Je me fais violence pour ne pas pleurer, c’est la première fois que je quitte la maison pour une si longue période depuis la mort de papa.

— Te met pas dans cet état, maman. Je rentrerai régulièrement, dès que j'le pourrai. J’te le promets.

Je dépose un baiser sur sa joue, elle m’enlace, sanglote.

— Je t’aime tellement…

— Je t’aime aussi, maman…

Le sifflet résonne sur le quai de la gare de Saverne. Je monte dans le train, les yeux rougis, glisse mon sac de voyage dans le rack et m’installe. Maman m’envoie des baisers avec les mains. Je suis dévasté de l’abandonner. Je souffle sur la vitre et dessine un cœur avec la buée. Le train démarre, accélère. Elle me suit un instant, puis se fige en faisant un signe de la main. Au revoir l’Alsace. Bonjour Paris.

Mes écouteurs dans les oreilles, j’étudie les documents de ma nouvelle université en me rassurant avec la musique de Céline Dion.

« J’ai compris tous les mots, j’ai bien compris merci… » la préférée de maman.

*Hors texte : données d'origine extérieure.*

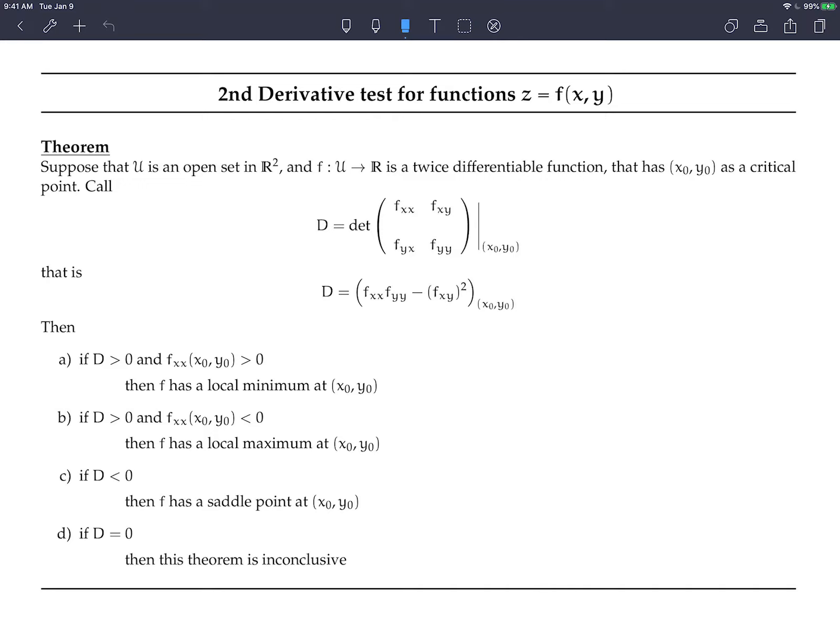In this video we're going to use the second derivative test for functions of two variables to find the maximum, minimum, or saddle point of a function. Since we're talking about functions of two variables, this is really a test of the second partial derivatives.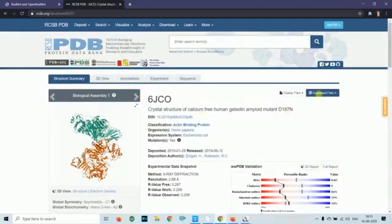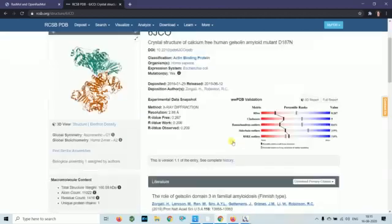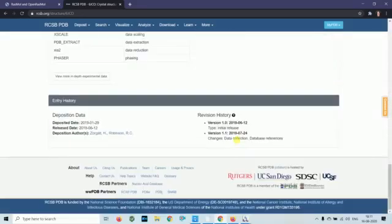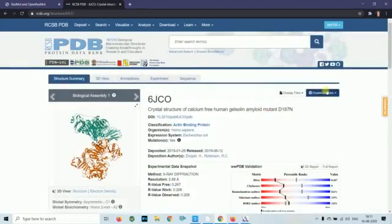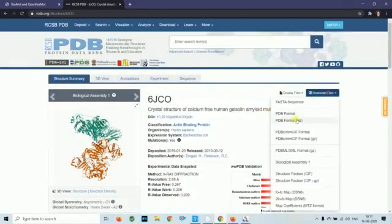Now we will download the file. We will download the PDB format.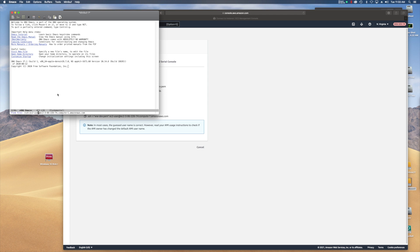All right. So EC2 user at host at the host string. You find that in EC2 right for that particular instance and then colon the name of the file. So it's test dot TXT.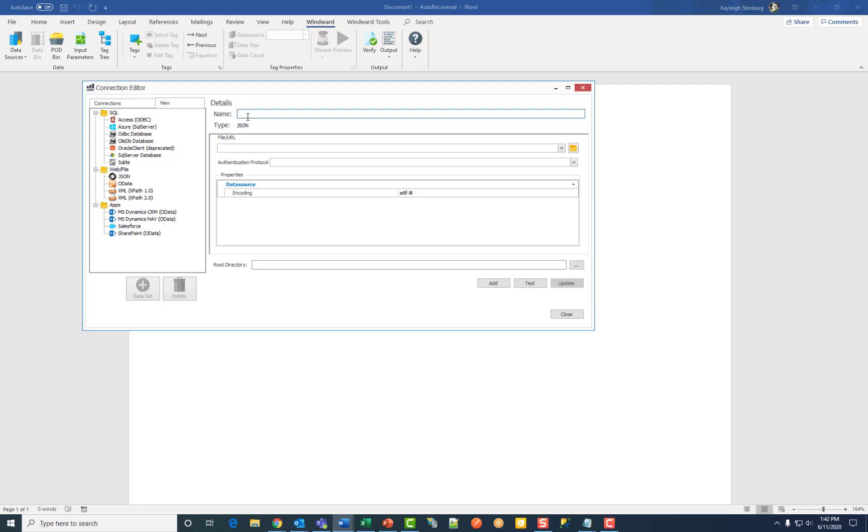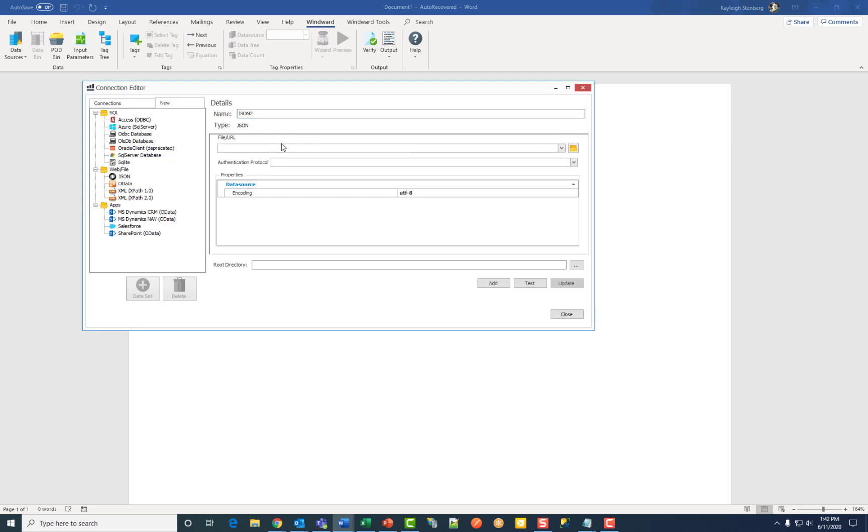Enter the name for your data source connection. Then enter the full path name or URL to your JSON file.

Une larme perle, je la chasse d’un revers. Le paysage qui défile à toute vitesse m’hypnotise, m’apaise. Des champs à perte de vue, des villages, des villes, des tunnels. Un florilège de panoramas aussi divers que variés, sublimés par le frêle soleil de novembre.

J’effectue ma rentrée en retard. Après avoir échoué mes partiels, j’ai dû réviser une grosse partie de l’été en rattrapage. Heureusement qu’une place s’est libérée à la dernière minute, j’ai pu intégrer le cursus en sciences de l'information et de la communication que je voulais, tout ça en moins d’un mois.

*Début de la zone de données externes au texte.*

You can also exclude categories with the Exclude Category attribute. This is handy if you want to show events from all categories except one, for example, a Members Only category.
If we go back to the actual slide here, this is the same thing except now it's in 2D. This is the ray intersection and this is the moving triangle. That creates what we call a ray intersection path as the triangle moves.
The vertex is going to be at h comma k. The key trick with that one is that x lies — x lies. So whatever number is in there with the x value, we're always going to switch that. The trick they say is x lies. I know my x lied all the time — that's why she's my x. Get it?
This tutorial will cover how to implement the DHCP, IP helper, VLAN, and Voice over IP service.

J’observe les plans de l’établissement pour me familiariser avec mon emploi du temps. Un vrai labyrinthe, la grande ville m’angoisse. J’aurais aimé finir mes études à Strasbourg, mais aucune université ne propose la spécialisation qui m’intéresse. Paris était ma dernière option la plus proche. Je ne m’imaginais pas atterrir à Lyon ou Marseille. Je soupire.

Avant que j’en prenne conscience, le TGV entre en gare de Paris Est. Je débarque, un flot de voyageurs aussi. Une marée humaine qui m’étouffe. Je me réfugie dans un coin et attends que ma crise d’angoisse se dissipe. Mon téléphone vibre dans ma poche. Maman.

— Tu es bien arrivé, mon chéri ?

— Oui, maman. Je viens juste de descendre.

— Ta voix tremble, est-ce que tout va bien ?

— Oui, oui ! Ne t’en fais pas, je suis juste essoufflé, la gare est immense.

— D’accord. Tu me rappelles dès que tu es installé au campus ?

— Promis, maman. Je t’aime.

Je range mon téléphone, inspire, puis m’élance en direction de la station de métro la plus proche.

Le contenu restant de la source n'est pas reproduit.